§ Required work
Please give the lines below again exactly as they stand, from the one that contains "Orma - 1999" up to and including the one that contains "Photo 7 VIN: 1G6KB5RSXJU153759", leaving all pictures out.

§ The records
++++++++++
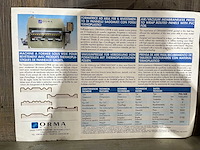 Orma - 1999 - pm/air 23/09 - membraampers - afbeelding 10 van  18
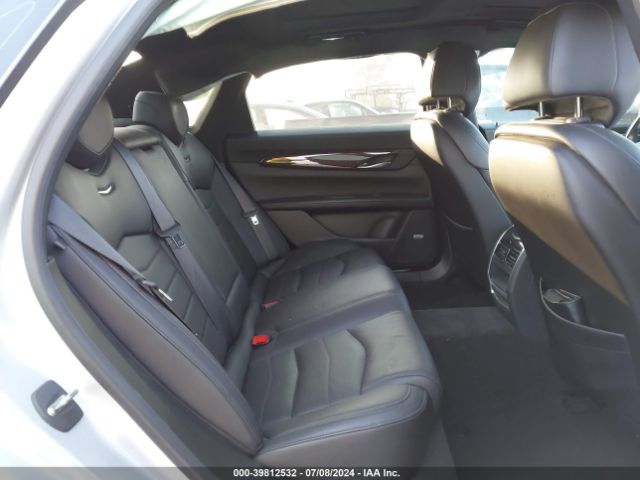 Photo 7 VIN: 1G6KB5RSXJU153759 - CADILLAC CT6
++++++++++
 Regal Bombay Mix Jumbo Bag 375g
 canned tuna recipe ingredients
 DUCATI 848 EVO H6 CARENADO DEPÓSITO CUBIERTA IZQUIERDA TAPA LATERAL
++++++++++
§ Completed task
 Orma - 1999 - pm/air 23/09 - membraampers - afbeelding 10 van  18
 Photo 7 VIN: 1G6KB5RSXJU153759 - CADILLAC CT6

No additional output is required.